RLlib automatically flattens the obs, so when it is received by the agent it is of the form:

obs of agent: (1, 10939) [[  1.   1.   0. ...  40. 277.  15.]]

Which is of course different from the original observation_space dict I posted above, but I assume this isn’t an issue since it is done internally by RLlib.

@cwfparsonson,

Are you able to share the code your environment or provide a reproduction script?

I think it is probably the nones. Can you try sending self. action_space.sample() as the actions and see if that helps?

Edit: Just realized you have a custom agent. It’s probably not self.action_space. You might need to get it from the config.

Hi @mannyv,

Sorry for the slow reply, I’ve been bogged down with work recently.

What do you mean by getting the action space from the config?

I’ve put my repo on GitHub (GitHub - cwfparsonson/deep_nmmo) on the rllib_single_agent branch - I’m having a crack at integrating RLlib with the NeurIPS NMMO team-based environment (Files · master · Neural MMO / neurips2022-nmmo · GitLab). I’ve put a copy of my conda nmmo environment in deep_nmmo/environment.yaml at rllib_single_agent · cwfparsonson/deep_nmmo · GitHub, and a setup.py file in deep_nmmo/deep_nmmo at rllib_single_agent · cwfparsonson/deep_nmmo · GitHub to install my custom deep_nmmo library with python setup.py develop. Finally, I have put a notebook in deep_nmmo/contained_neurips2022nmmo_rllib_notebook.ipynb at rllib_single_agent · cwfparsonson/deep_nmmo · GitHub which tries to run the environment and produces the above error.

I suspect it might be tricky to set up and run yourself, but perhaps there is something obvious you can see at a glance which I am doing wrong. Sorry for not being able to put a clean version in a self-contained colab like you did, I just had to do a fair amount of custom wrapping to get to the point I have with integrating the neurips2022nmmo.TeamBasedEnv with RLlib so it was tough to port it all into one notebook.

@mannyv FYI I implemented a version which uses action_space.sample() for each action, so the actions must be in the action space and consistently shaped, but I still get the shape error.

Hi @cwfparsonson,

I cloned your repo and set up the environment just now. I cannot spend more time on this today but this is what I am seeing.

The first action is different from the rest of the actions as you can see from the screenshots below. This is likely because of something in your policy but I have not had time to dig into that. Hopefully this gives you a direction to check.

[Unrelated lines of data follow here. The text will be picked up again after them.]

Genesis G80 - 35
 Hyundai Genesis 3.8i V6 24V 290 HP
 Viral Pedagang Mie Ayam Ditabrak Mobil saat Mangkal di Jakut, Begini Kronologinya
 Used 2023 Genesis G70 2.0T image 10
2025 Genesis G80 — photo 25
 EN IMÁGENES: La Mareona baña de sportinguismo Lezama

Note the shape differences: () vs (8,)

That’s very strange, I cannot find where any action is set to 0 as in your screenshot, and it is weird that RLlib has automatically flattened the nested action space dict for all actions except that first action you have found.

Do you know based on that screenshot where that action would have been chosen in the episode? Or is it just sampled randomly so could be anywhere (start, middle, or end)?

I will continue to try to find the source of this.